La compensazione legale è esclusa dalla revocatoria fallimentare. Proprio perché si tratta di una modalità di estinzione delle obbligazioni diversa dal pagamento, la compensazione è per sua natura esclusa dall’ambito di applicazione della revocatoria fallimentare di cui all’articolo 67, comma 2, della legge fallimentare. 

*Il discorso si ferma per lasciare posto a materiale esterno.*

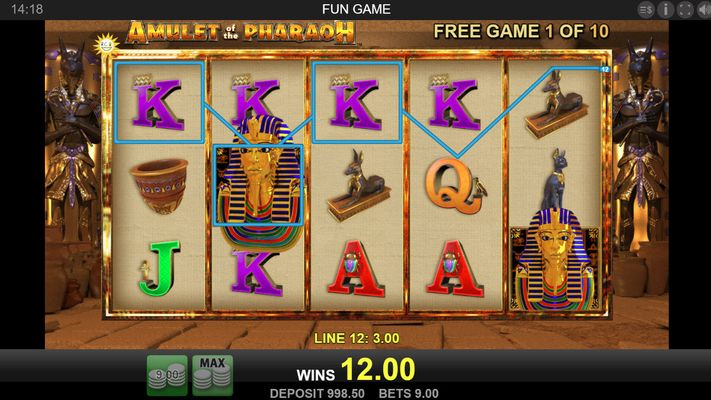 Amulet of the Pharaoh :: Free Spins Game Board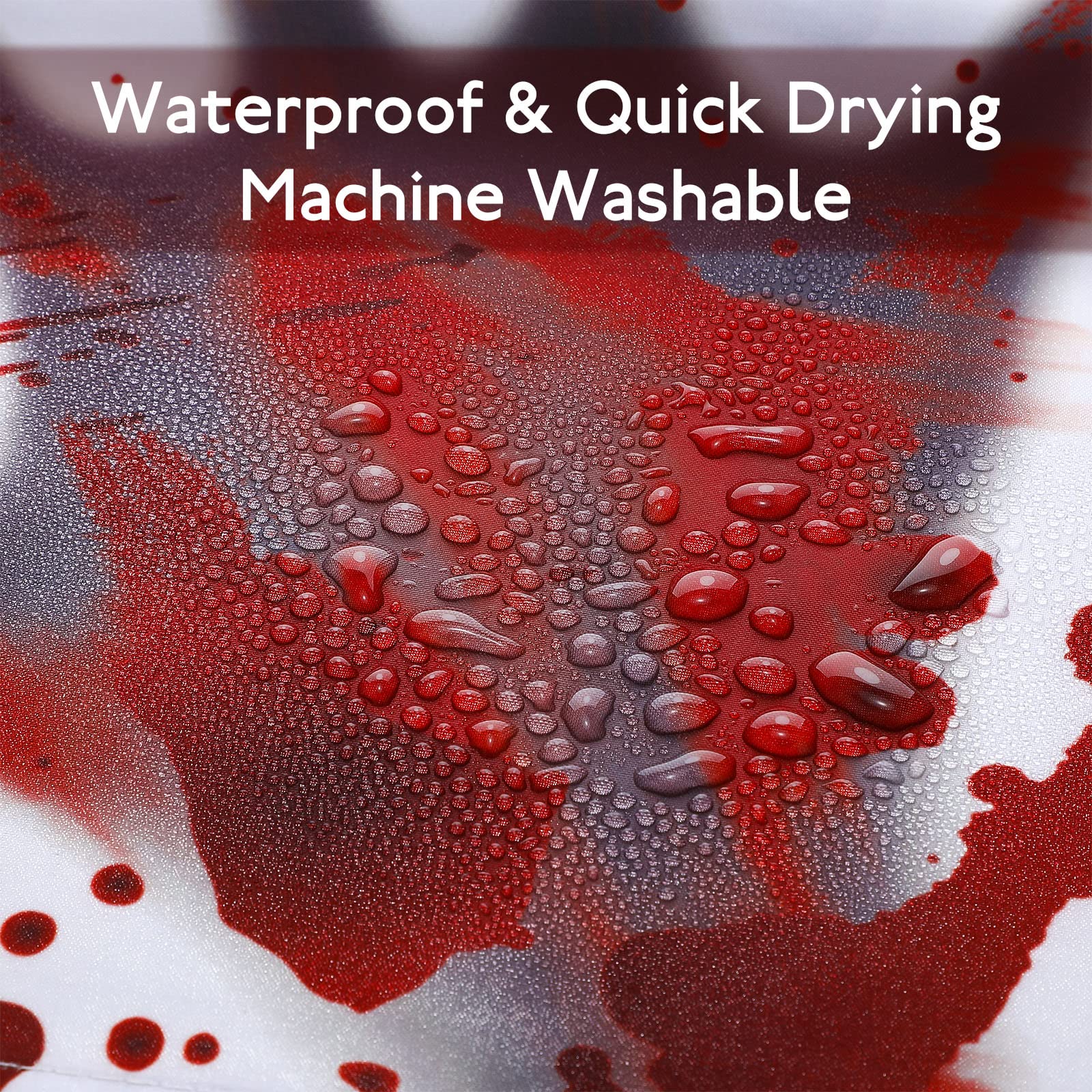 Cindeer Halloween Shower Curtain For Bathroom With Hook Scary Bloody Hands, 71 X 71 Inch Help Me Ghost Hand Shower Curtain Water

Ed è proprio così che si è espresso il Tribunale di Roma con la sentenza che qui segnaliamo, con la quale ha respinto l’azione revocatoria promossa da una procedura di Amministrazione Straordinaria. Il Tribunale capitolino ha chiarito che “La compensazione tra reciproci crediti esigibili anteriori al fallimento (o all’apertura dell’A.S.) non è soggetta a revocatoria in quanto realizza un effetto estintivo delle rispettive poste previsto dalla legge, che può essere ottenuto anche nel fallimento (o nell’A.S.), giusto il disposto del primo comma dell’art. 56 legge fallimentare”. Ed infatti, sostiene il Tribunale, con la compensazione non si realizza alcuna forma di pagamento, giacché il terzo non riceve alcuna somma di denaro, ma gli viene soltanto consentito di non versare al fallimento (o all’A.S.) l’importo di cui era debitore nei confronti del fallito (o del debitore in A.S.).

La differenza con la compensazione volontaria. Nello svolgimento della propria analisi, la sentenza in questione rimarca come non siano revocabili né la compensazione legale, in quanto effetto automatico dell’applicazione di una norma di legge, né la compensazione giudiziale, in quanto frutto di un provvedimento giurisdizionale. Diverso è il discorso per la compensazione volontaria, che si verifica in forza di un apposito accordo tra le parti, in assenza dei presupposti per la compensazione legale.